Include in the output exactly the lines from the opening of the data through the line containing "Roeg JETTson 2.0 Helmet Wai white", and nothing more.

* [LISTED RECORDS]
====

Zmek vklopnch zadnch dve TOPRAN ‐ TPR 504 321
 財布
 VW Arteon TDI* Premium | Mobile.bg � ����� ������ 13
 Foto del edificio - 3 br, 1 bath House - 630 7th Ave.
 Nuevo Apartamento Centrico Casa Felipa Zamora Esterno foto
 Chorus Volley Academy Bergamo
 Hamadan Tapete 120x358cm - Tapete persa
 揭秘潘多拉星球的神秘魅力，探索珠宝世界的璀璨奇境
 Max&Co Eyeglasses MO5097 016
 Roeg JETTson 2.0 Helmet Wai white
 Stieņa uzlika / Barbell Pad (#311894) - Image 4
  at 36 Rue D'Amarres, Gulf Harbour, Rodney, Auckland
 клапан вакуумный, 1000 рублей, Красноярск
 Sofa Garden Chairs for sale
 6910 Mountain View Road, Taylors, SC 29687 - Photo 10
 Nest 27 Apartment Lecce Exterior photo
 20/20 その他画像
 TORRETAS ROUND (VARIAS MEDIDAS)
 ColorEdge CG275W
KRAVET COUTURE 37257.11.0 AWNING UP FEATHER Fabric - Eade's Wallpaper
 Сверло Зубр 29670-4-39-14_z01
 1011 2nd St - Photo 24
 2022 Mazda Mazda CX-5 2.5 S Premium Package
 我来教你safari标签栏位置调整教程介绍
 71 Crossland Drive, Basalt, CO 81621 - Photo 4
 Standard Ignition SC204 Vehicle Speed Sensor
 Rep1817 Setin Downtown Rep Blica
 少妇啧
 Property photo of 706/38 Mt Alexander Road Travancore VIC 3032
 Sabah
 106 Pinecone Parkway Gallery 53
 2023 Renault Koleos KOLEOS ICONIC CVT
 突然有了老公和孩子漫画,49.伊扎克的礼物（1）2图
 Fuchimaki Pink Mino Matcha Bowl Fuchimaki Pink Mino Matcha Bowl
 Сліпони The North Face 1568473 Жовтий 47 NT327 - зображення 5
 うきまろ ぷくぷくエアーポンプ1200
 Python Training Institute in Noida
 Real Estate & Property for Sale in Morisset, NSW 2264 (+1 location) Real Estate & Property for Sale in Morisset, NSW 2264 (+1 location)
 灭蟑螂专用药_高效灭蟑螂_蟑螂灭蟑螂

====

* [SOLUTION TO THIS EXERCISE]
Zmek vklopnch zadnch dve TOPRAN ‐ TPR 504 321
 財布
 VW Arteon TDI* Premium | Mobile.bg � ����� ������ 13
 Foto del edificio - 3 br, 1 bath House - 630 7th Ave.
 Nuevo Apartamento Centrico Casa Felipa Zamora Esterno foto
 Chorus Volley Academy Bergamo
 Hamadan Tapete 120x358cm - Tapete persa
 揭秘潘多拉星球的神秘魅力，探索珠宝世界的璀璨奇境
 Max&Co Eyeglasses MO5097 016
 Roeg JETTson 2.0 Helmet Wai white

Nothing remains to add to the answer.